:: DATA SECTION

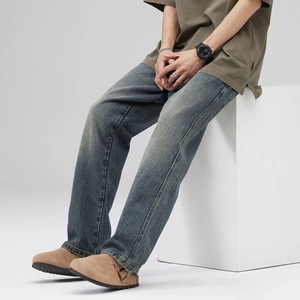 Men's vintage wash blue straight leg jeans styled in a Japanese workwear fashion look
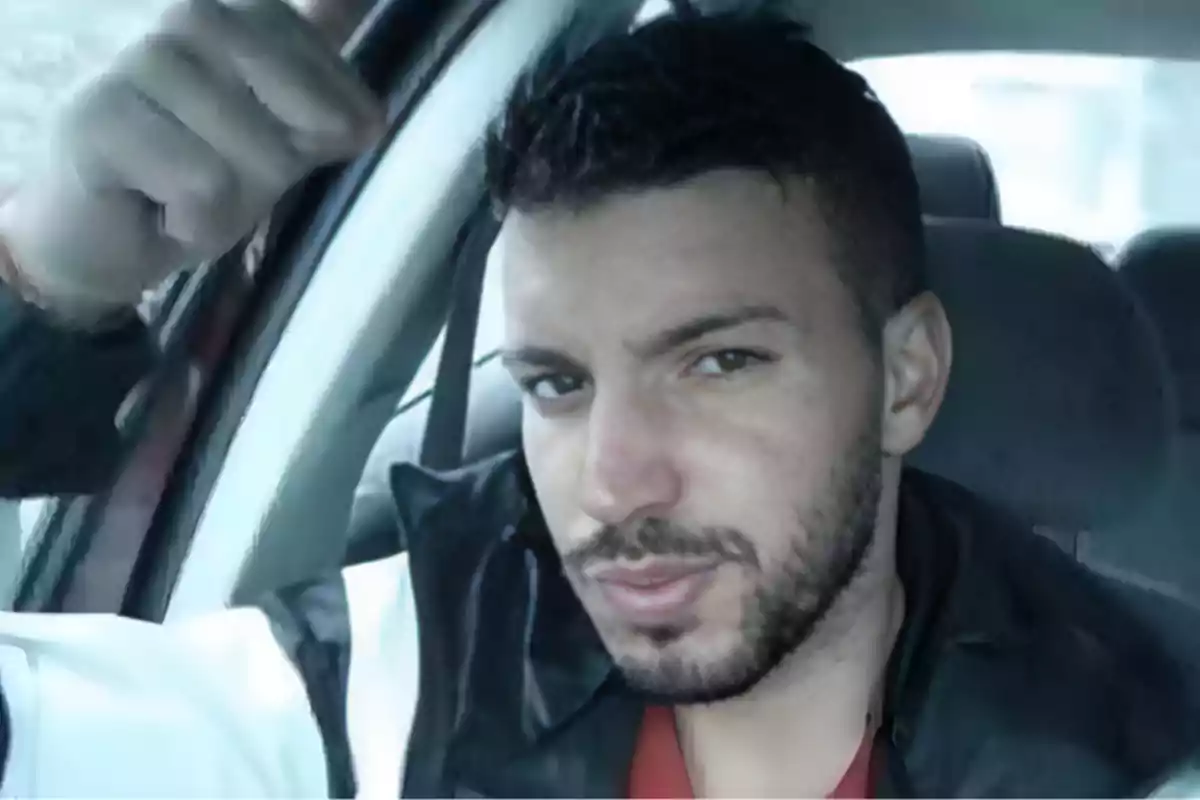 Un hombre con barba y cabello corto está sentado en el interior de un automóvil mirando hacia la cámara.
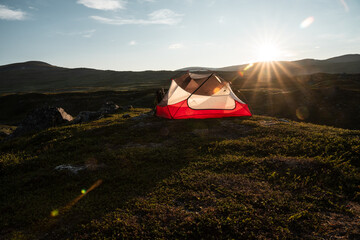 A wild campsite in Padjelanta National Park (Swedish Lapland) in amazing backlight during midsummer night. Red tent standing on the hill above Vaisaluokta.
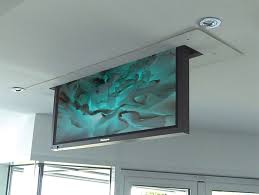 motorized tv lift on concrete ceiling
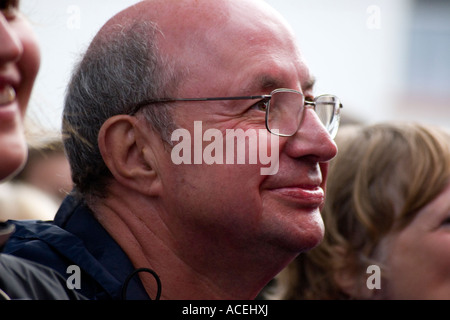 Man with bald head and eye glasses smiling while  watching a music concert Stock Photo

::::
:: DATA SECTION

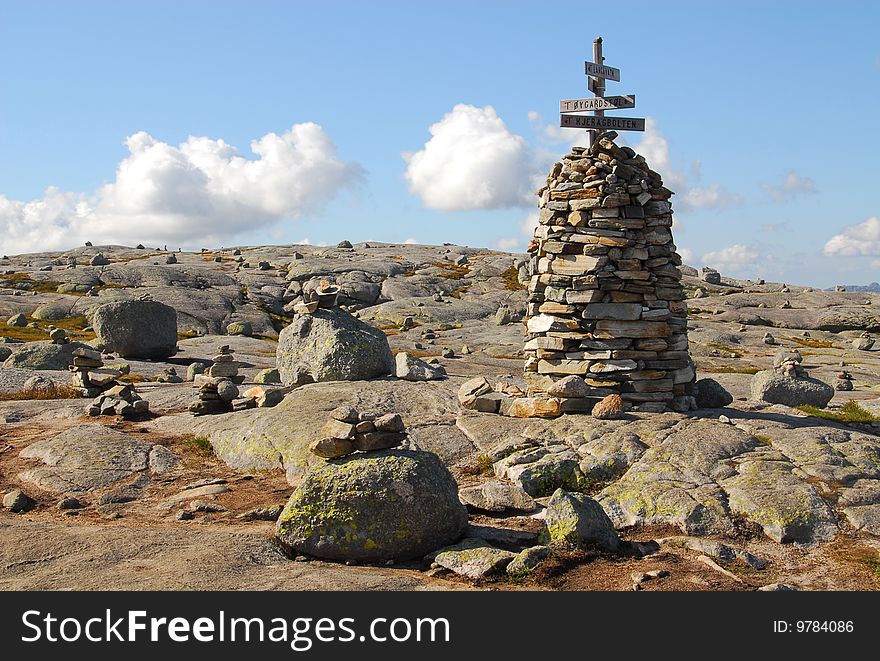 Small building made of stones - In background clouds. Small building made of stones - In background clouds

::::

- **INSTRUCTIONS FOR THE TASK**: What you return from the records above should be exactly everything from the line with "motorized tv lift on concrete ceiling" down to the line with "Man with bald", both kept, and no pictures.

- **OUTPUT FOR THIS TASK**:
 motorized tv lift on concrete ceiling
 Man with bald head and eye glasses smiling while  watching a music concert Stock Photo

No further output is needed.